WHAT YOU ARE ASKED TO DO →
Within the listing below, give again exactly the lines between the one containing "Zinsmanagement im Startup: Vorteile, Chancen" and the one containing "Castelfranco Veneto. Una", inclusive, pictures left aside.

RECORDED INFORMATION →
= = = = =

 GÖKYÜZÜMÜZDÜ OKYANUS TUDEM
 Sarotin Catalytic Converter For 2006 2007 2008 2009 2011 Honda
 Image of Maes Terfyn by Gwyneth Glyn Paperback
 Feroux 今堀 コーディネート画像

= = = = =

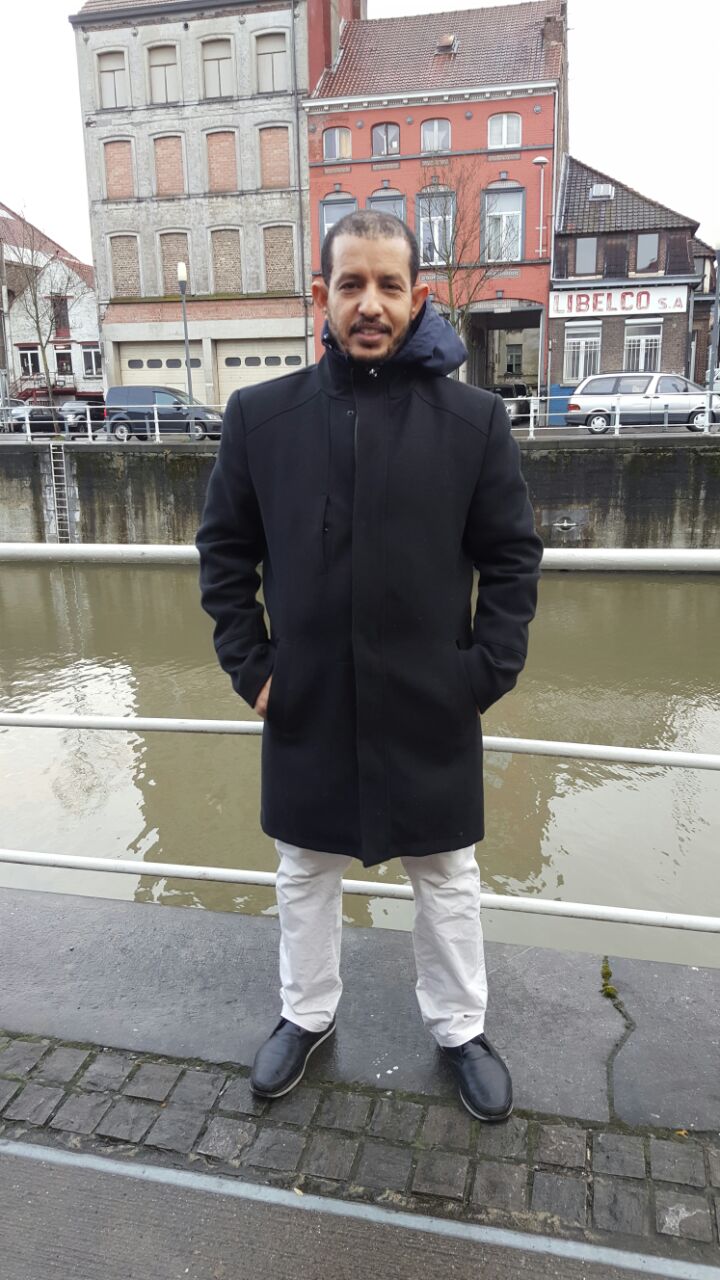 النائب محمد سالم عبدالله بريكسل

= = = = =

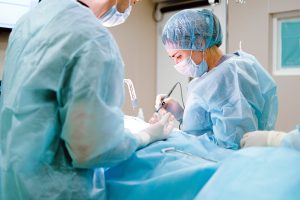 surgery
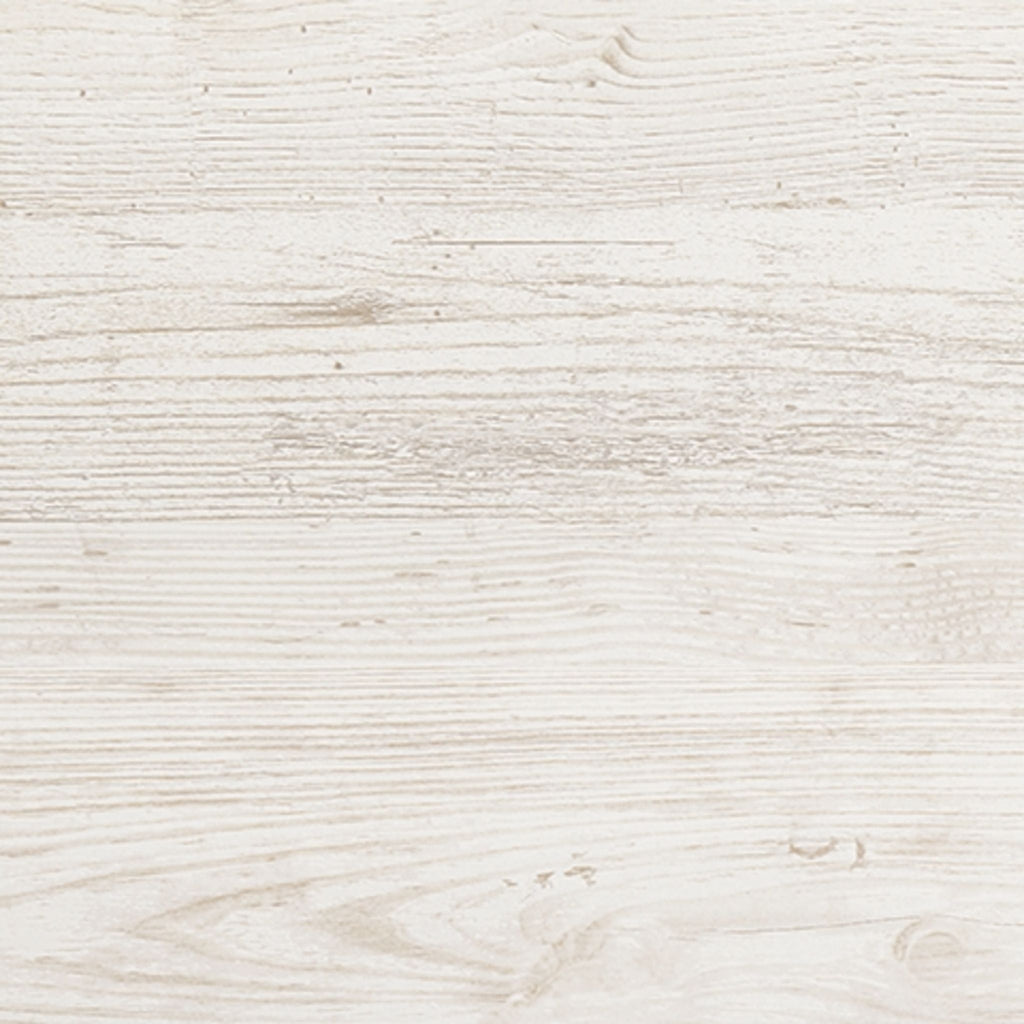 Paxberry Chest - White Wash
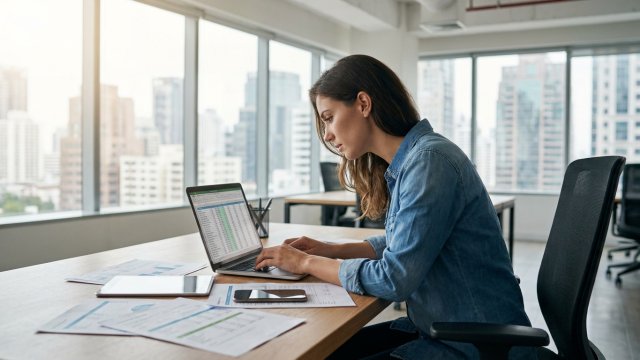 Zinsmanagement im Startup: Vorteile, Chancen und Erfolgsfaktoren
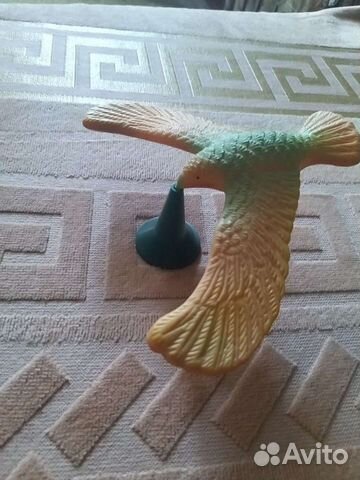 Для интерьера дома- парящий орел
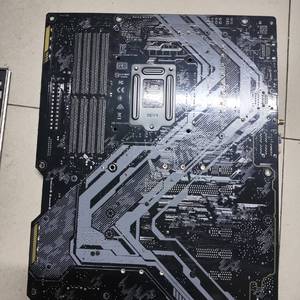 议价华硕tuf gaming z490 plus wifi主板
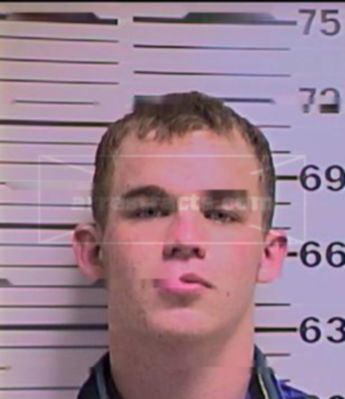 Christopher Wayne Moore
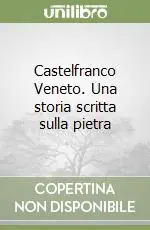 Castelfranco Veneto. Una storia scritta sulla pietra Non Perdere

= = = = =

WRITTEN RESPONSE →
 Zinsmanagement im Startup: Vorteile, Chancen und Erfolgsfaktoren
 Для интерьера дома- парящий орел
 议价华硕tuf gaming z490 plus wifi主板
 Christopher Wayne Moore
 Castelfranco Veneto. Una storia scritta sulla pietra Non Perdere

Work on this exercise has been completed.